▸ Task material:
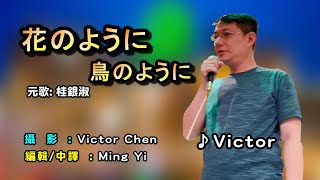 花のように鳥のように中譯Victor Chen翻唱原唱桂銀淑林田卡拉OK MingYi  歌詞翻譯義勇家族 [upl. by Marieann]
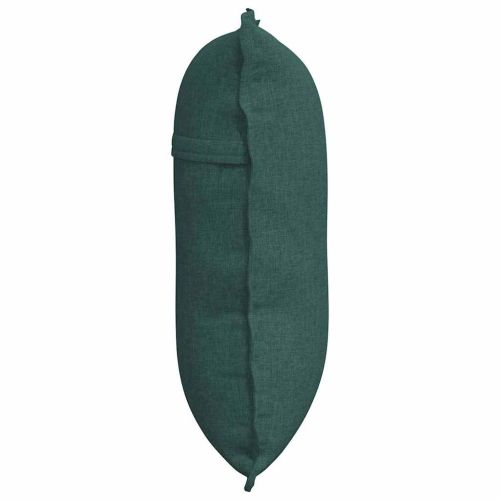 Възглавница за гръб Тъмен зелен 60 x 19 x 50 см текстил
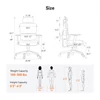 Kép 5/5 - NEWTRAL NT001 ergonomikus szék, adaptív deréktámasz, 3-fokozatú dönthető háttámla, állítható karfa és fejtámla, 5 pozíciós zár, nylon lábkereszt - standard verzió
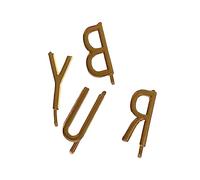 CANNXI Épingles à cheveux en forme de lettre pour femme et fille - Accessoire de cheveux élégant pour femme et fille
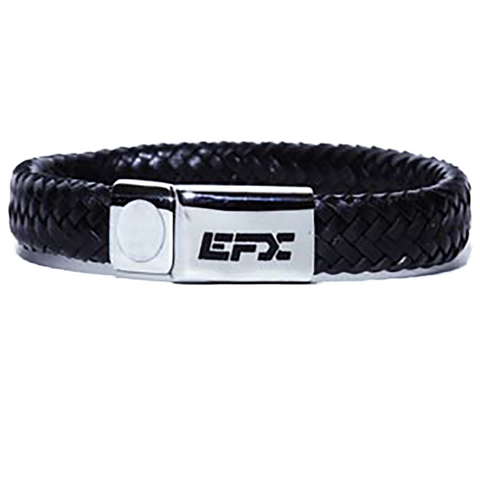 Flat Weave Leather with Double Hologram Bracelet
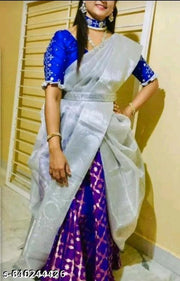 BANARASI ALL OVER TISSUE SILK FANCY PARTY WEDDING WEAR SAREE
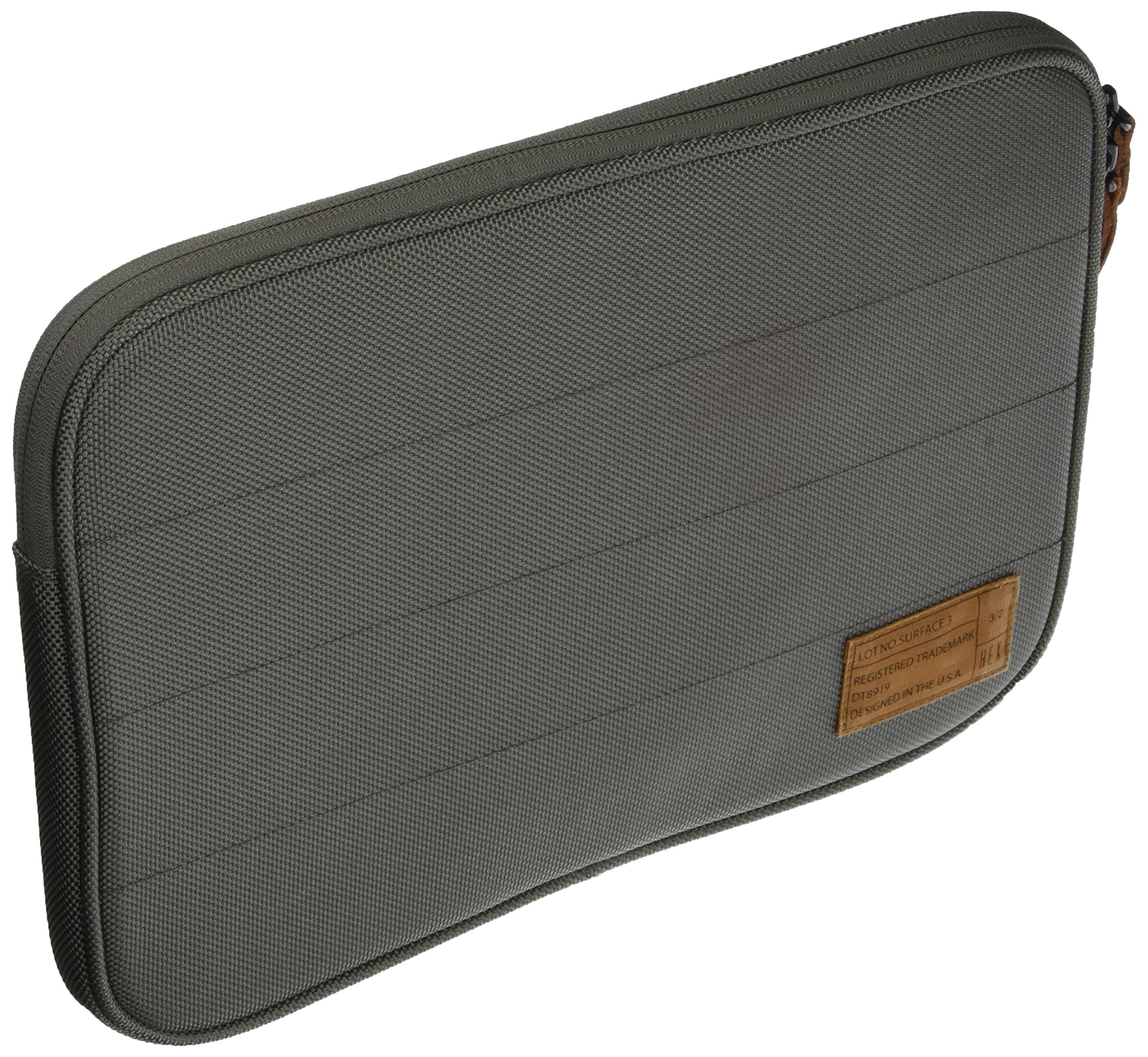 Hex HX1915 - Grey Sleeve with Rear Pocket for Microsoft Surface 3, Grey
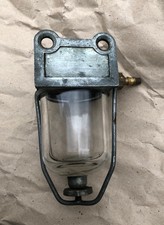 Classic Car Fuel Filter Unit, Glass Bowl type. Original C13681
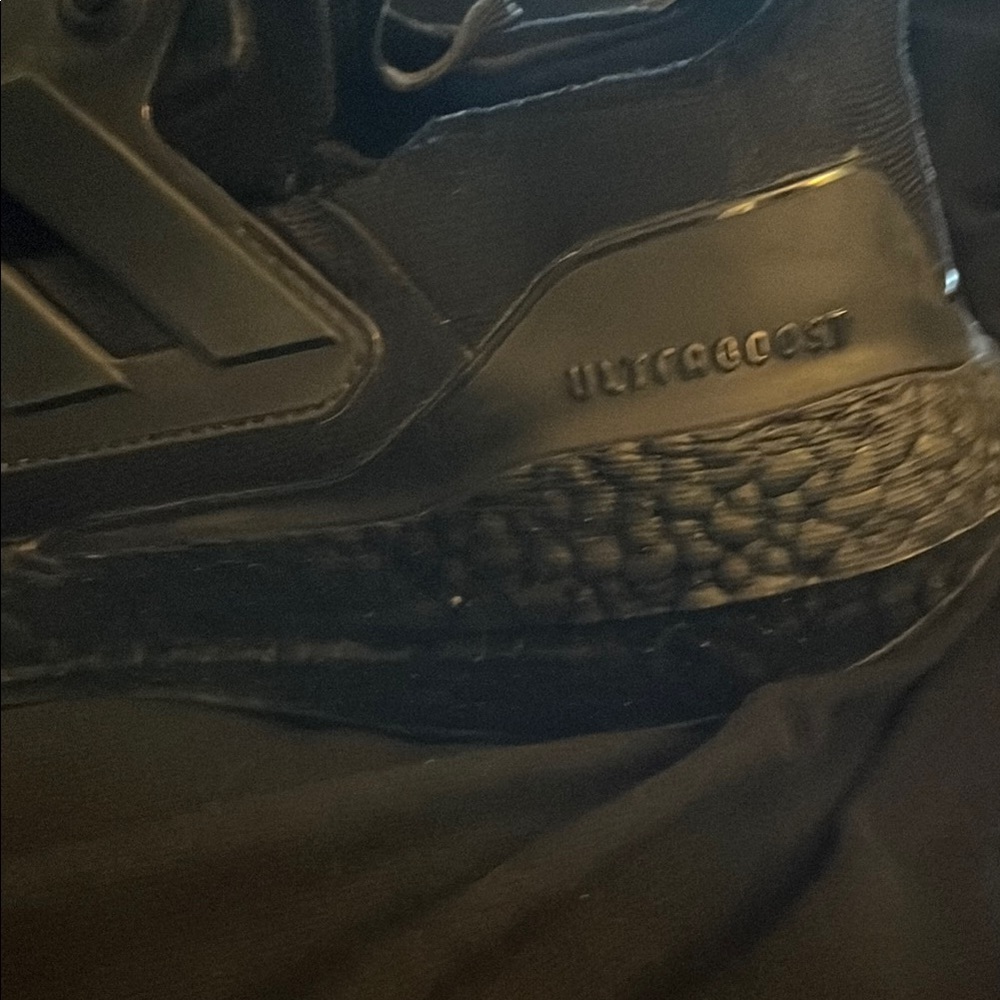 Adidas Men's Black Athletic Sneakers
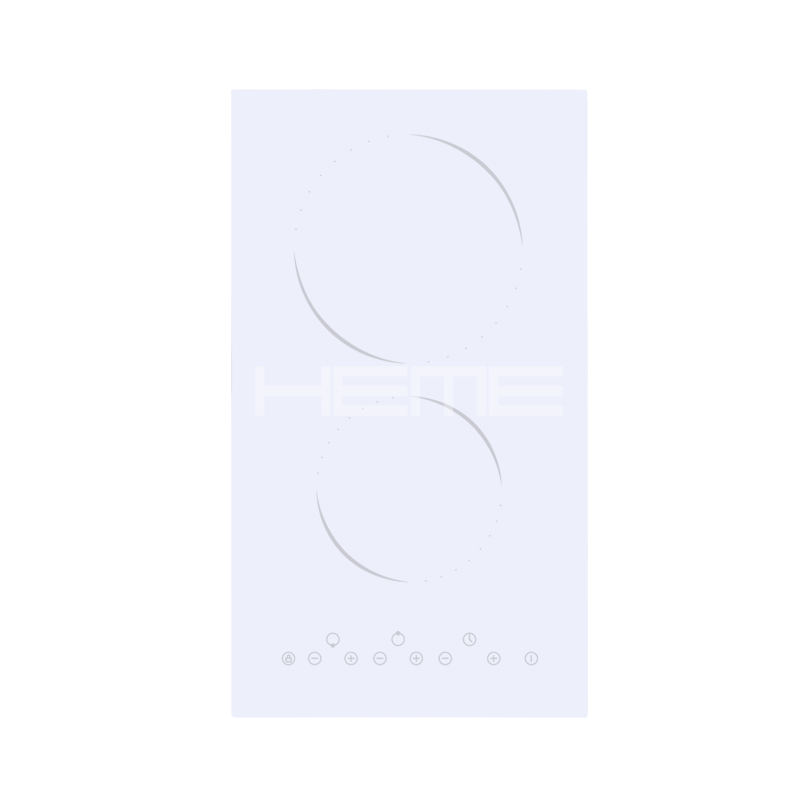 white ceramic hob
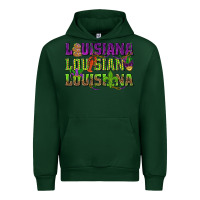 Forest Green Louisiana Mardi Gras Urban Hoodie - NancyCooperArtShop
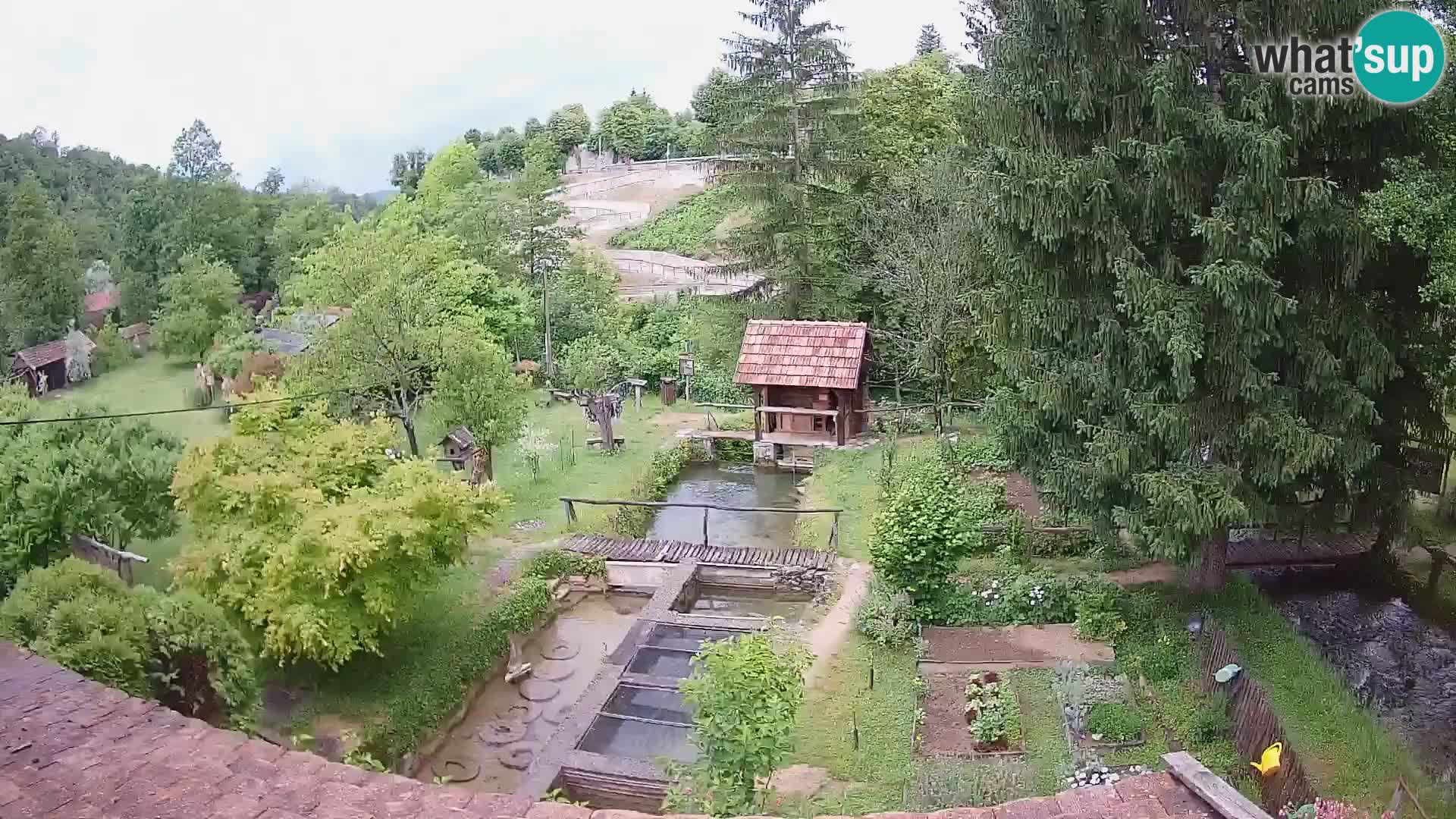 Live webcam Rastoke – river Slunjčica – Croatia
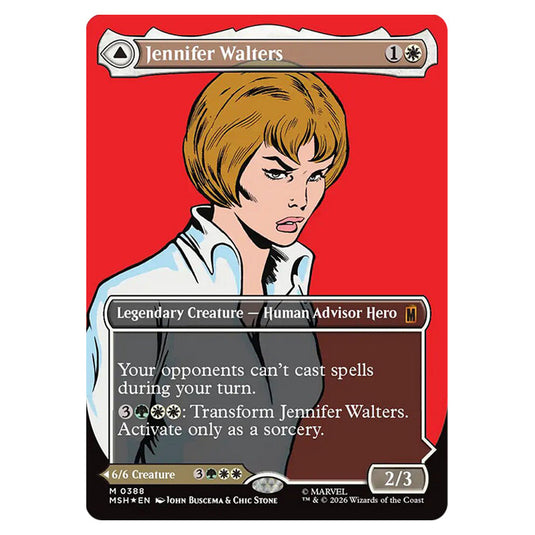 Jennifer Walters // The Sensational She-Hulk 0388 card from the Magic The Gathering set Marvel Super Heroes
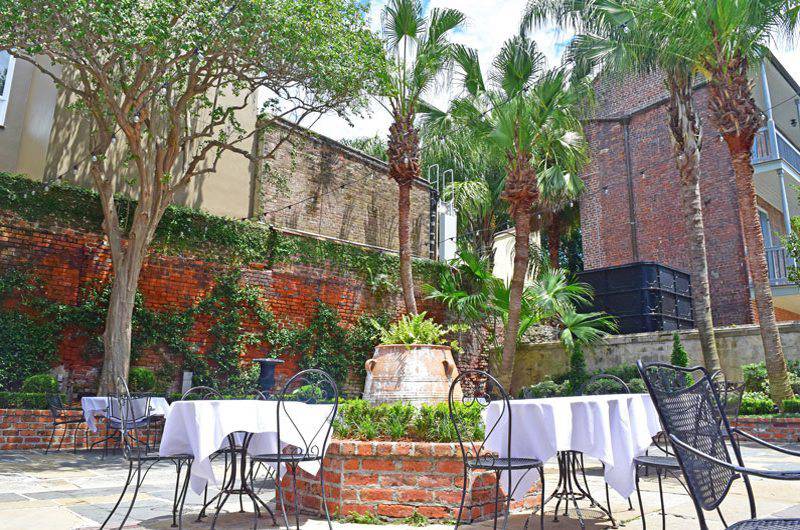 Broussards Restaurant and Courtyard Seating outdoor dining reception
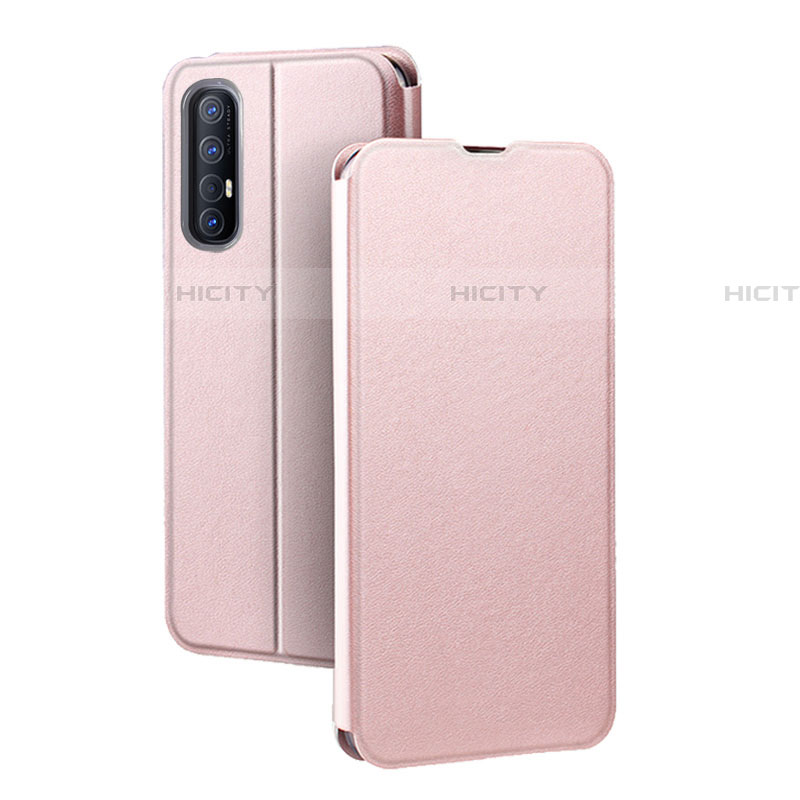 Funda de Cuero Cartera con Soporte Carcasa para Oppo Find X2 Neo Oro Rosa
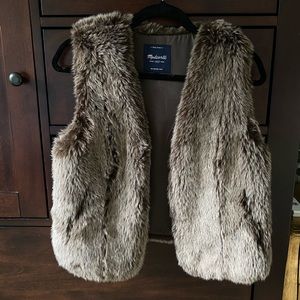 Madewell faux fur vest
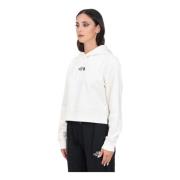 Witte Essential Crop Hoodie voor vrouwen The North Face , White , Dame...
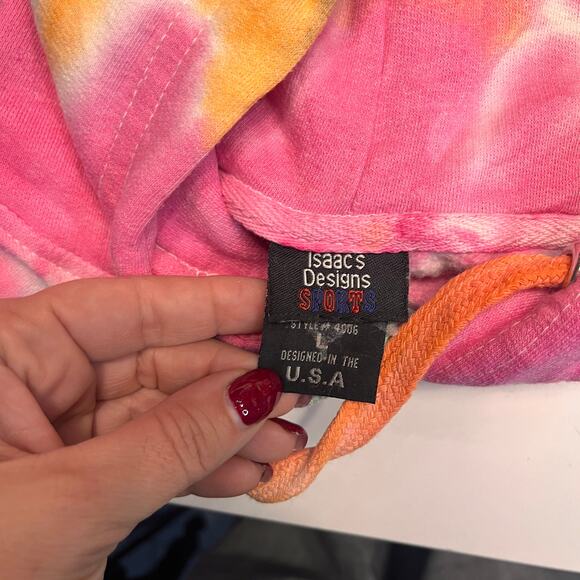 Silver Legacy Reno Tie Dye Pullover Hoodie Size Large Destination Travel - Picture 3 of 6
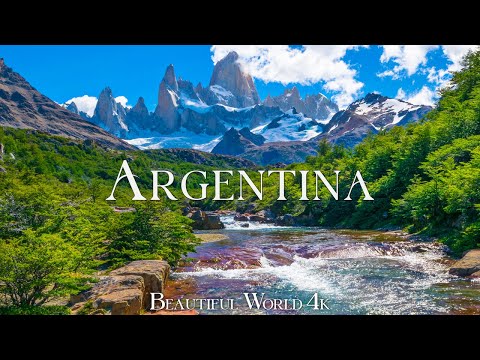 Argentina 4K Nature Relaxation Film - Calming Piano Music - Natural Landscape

▸ Required work: Write out exactly the lines that run from the top of the listing above to the line containing "Jennifer Walters //", both ends included. Omit every picture.

▸ Written solution:
 花のように鳥のように中譯Victor Chen翻唱原唱桂銀淑林田卡拉OK MingYi  歌詞翻譯義勇家族 [upl. by Marieann]
 Възглавница за гръб Тъмен зелен 60 x 19 x 50 см текстил
 Kép 5/5 - NEWTRAL NT001 ergonomikus szék, adaptív deréktámasz, 3-fokozatú dönthető háttámla, állítható karfa és fejtámla, 5 pozíciós zár, nylon lábkereszt - standard verzió
 CANNXI Épingles à cheveux en forme de lettre pour femme et fille - Accessoire de cheveux élégant pour femme et fille
 Flat Weave Leather with Double Hologram Bracelet
 BANARASI ALL OVER TISSUE SILK FANCY PARTY WEDDING WEAR SAREE
 Hex HX1915 - Grey Sleeve with Rear Pocket for Microsoft Surface 3, Grey
 Classic Car Fuel Filter Unit, Glass Bowl type. Original C13681
 Adidas Men's Black Athletic Sneakers
 white ceramic hob
 Forest Green Louisiana Mardi Gras Urban Hoodie - NancyCooperArtShop
 Live webcam Rastoke – river Slunjčica – Croatia
 Jennifer Walters // The Sensational She-Hulk 0388 card from the Magic The Gathering set Marvel Super Heroes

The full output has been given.